# Polars for Data Science
## From zero to tackling real world data science problems with Polars

### Dataset
For this tutorial, we will use the well-known Iris dataset.

# Getting Started
## Install Polars; become familiar with Polars's lazy-mode versus in-memory mode; understand how to leverage Polars's query optimization.

### Loading the Data with Polars
To start, we'll load the Iris dataset using `polars.read_csv()` and inspect it with `polars.DataFrame.head()`. Polars is very explicit about datatypes, which will be helpful when we dive into the Expression API later.

In [1]:
import polars as pl

# Load the data
df = pl.read_csv('iris.csv')

# Inspect the first few rows
print(df.head())

### Selecting Specific Columns
Next, we will select a few columns from the DataFrame using `polars.DataFrame.select()`. This is useful for focusing on specific parts of the data.

In [2]:
# Select specific columns
selected_df = df.select(['sepal_length', 'species'])

# Display the selected columns
print(selected_df.head())

### Lazy Loading with Polars
We can also load the data lazily using `polars.scan_csv()`. Unlike `read_csv()`, `scan_csv()` does not load the data into memory immediately. Instead, it creates a LazyFrame, which allows for query optimization before the data is loaded.

In [3]:
# Lazy load the data
lazy_df = pl.scan_csv('iris.csv')

# Attempt to inspect the first few rows (this will not work as expected)
print(lazy_df.head())

### Selecting Columns in Lazy Mode
We can select columns in a LazyFrame just like we did with a DataFrame. Additionally, we can use `LazyFrame.show_graph()` to visualize the query plan, demonstrating how columns that aren't selected are never read into memory.

In [4]:
# Select specific columns lazily
lazy_selected_df = lazy_df.select(['sepal_length', 'species'])
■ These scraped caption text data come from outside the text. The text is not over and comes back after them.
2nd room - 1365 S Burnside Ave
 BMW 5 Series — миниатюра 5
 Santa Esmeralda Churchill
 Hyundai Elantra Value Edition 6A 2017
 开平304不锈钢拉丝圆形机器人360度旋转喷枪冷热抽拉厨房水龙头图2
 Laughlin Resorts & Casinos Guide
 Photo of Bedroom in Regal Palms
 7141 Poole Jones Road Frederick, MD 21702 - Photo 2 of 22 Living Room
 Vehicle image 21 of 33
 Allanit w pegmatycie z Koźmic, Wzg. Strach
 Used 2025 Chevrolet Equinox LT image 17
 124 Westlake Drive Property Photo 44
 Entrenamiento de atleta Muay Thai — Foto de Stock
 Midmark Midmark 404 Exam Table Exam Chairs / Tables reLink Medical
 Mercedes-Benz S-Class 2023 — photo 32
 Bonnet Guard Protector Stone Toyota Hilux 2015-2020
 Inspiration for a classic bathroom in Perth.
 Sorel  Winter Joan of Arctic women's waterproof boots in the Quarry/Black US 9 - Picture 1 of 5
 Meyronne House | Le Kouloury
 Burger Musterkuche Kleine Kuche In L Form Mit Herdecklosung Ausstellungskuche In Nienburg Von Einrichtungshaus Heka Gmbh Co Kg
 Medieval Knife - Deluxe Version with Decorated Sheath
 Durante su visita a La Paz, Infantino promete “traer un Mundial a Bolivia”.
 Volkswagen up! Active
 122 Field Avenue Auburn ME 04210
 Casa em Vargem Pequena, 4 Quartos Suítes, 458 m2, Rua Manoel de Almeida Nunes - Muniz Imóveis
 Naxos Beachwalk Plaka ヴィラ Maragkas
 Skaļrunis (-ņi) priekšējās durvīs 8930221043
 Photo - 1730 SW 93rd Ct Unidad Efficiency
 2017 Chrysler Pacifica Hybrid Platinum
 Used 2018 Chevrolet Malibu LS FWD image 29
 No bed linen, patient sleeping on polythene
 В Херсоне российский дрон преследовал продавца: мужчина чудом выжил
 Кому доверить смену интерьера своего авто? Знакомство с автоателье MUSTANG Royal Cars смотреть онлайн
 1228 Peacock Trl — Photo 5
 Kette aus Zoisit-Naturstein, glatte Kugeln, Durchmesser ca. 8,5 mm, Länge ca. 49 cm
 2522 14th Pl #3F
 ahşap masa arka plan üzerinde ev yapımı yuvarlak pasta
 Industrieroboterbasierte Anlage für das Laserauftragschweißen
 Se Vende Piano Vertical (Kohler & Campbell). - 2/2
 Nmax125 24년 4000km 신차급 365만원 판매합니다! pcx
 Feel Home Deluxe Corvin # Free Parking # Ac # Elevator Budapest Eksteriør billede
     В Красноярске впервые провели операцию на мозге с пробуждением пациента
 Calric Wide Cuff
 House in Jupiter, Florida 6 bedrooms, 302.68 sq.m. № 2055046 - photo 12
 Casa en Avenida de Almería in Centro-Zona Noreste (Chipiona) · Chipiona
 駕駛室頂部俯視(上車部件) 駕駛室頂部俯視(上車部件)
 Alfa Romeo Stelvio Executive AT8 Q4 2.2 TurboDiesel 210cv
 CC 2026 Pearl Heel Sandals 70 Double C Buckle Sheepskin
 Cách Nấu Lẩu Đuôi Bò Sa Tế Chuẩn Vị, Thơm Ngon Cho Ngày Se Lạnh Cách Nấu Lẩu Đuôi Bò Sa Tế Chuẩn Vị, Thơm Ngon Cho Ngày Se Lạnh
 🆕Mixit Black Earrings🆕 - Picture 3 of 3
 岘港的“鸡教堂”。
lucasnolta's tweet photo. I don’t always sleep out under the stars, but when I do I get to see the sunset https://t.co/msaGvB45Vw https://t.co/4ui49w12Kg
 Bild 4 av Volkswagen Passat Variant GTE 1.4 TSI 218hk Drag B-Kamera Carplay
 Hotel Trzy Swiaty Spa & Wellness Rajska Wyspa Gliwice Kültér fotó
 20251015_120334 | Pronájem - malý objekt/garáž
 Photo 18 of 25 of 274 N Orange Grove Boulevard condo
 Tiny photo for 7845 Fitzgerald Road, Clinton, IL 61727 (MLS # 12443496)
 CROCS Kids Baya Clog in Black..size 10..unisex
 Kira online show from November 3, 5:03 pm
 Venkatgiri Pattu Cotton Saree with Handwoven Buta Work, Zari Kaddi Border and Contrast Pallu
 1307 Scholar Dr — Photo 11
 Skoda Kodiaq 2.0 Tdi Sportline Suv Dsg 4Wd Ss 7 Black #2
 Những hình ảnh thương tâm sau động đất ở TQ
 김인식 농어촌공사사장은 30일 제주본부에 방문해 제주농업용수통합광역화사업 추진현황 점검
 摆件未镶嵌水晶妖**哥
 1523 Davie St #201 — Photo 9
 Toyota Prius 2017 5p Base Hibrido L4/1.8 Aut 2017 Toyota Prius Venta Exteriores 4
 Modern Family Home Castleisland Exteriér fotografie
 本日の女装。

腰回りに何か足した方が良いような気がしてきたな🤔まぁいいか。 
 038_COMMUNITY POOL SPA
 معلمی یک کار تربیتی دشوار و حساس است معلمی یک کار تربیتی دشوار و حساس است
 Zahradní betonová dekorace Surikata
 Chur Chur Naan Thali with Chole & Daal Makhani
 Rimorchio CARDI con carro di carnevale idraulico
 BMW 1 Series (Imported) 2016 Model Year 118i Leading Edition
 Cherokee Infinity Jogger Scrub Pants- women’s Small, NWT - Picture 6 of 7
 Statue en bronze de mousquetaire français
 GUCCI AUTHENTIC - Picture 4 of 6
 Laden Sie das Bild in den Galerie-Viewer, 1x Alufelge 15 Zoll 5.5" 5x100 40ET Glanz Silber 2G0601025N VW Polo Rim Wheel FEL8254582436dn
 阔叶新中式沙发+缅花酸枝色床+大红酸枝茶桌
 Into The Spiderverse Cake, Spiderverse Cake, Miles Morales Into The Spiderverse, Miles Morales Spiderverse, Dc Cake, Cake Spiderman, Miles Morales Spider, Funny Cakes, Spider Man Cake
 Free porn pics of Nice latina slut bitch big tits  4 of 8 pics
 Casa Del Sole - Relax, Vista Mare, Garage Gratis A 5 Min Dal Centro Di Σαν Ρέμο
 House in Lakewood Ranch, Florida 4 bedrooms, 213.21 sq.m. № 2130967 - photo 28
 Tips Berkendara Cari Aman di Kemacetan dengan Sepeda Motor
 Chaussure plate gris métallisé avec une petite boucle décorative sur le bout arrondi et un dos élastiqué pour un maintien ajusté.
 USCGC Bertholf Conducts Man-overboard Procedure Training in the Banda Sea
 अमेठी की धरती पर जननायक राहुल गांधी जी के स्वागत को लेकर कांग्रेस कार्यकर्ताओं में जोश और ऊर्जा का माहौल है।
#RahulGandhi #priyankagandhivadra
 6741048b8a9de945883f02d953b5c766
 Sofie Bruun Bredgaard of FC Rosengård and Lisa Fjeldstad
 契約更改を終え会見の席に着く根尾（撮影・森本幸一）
# Show the query plan graph
lazy_selected_df.show_graph()

### Converting LazyFrame to DataFrame
To execute the lazy query and load the data into memory, we can use `LazyFrame.collect()`. This converts the LazyFrame into a DataFrame.

In [5]:
# Convert LazyFrame to DataFrame
collected_df = lazy_selected_df.collect()

# Display the collected DataFrame
print(collected_df.head())

# Data Manipulation I: Basics
## Become familiar with the Polars API, and be able to perform basic selecting and filtering queries.

### Understanding Polars API Classes
Polars provides four main classes of tools for data manipulation: query clauses (`select`, `filter`, `sort`, `group_by`, `agg`, etc), column expressions (`pl.col()`), collection functions (`collect`, `head`, `shape`), and miscellaneous functions (`value_counts`, `transpose`, `concat`, `plot`).

### Polars vs. SQL Syntax
Let's compare Polars syntax to SQL syntax. Polars provides similar functionalities to SQL but in a more programmatic and efficient way.

In [6]:
# Filter rows in Polars (similar to SQL's WHERE clause)
filtered_df = df.filter(pl.col('sepal_length') > 5.0)

# Display the filtered DataFrame
print(filtered_df.head())

### Exploring the Expression API
The Expression API in Polars is powerful and flexible. Here are a few examples of expressions inside `select` statements, including `pl.col()`, `pl.col().alias()`, `pl.col().suffix()`, and `pl.col().ne()`.

In [7]:
# Using expressions in select statements
expr_df = df.select([
    pl.col('sepal_length').alias('length'),
    pl.col('sepal_width').suffix('_cm'),
    pl.col('petal_length').ne(1.4).alias('not_1.4')
])

# Display the DataFrame with expressions applied
print(expr_df.head())

### Basic Aggregations with Expressions
With the Expression API, you can perform basic aggregations, such as calculating the maximum and minimum values of columns.

In [8]:
# Basic aggregations
aggregations_df = df.select([
    pl.col('sepal_length').max().alias('max_length'),
    pl.col('sepal_width').min().alias('min_width')
])

# Display the aggregated DataFrame
print(aggregations_df)

### Exploring the Expression API Documentation
If you want to explore the types of columns you can add, check out the [Expression API docs](https://pola-rs.github.io/polars/py-polars/html/reference/expressions.html). All expression functions are organized by namespace, with different namespaces for each datatype.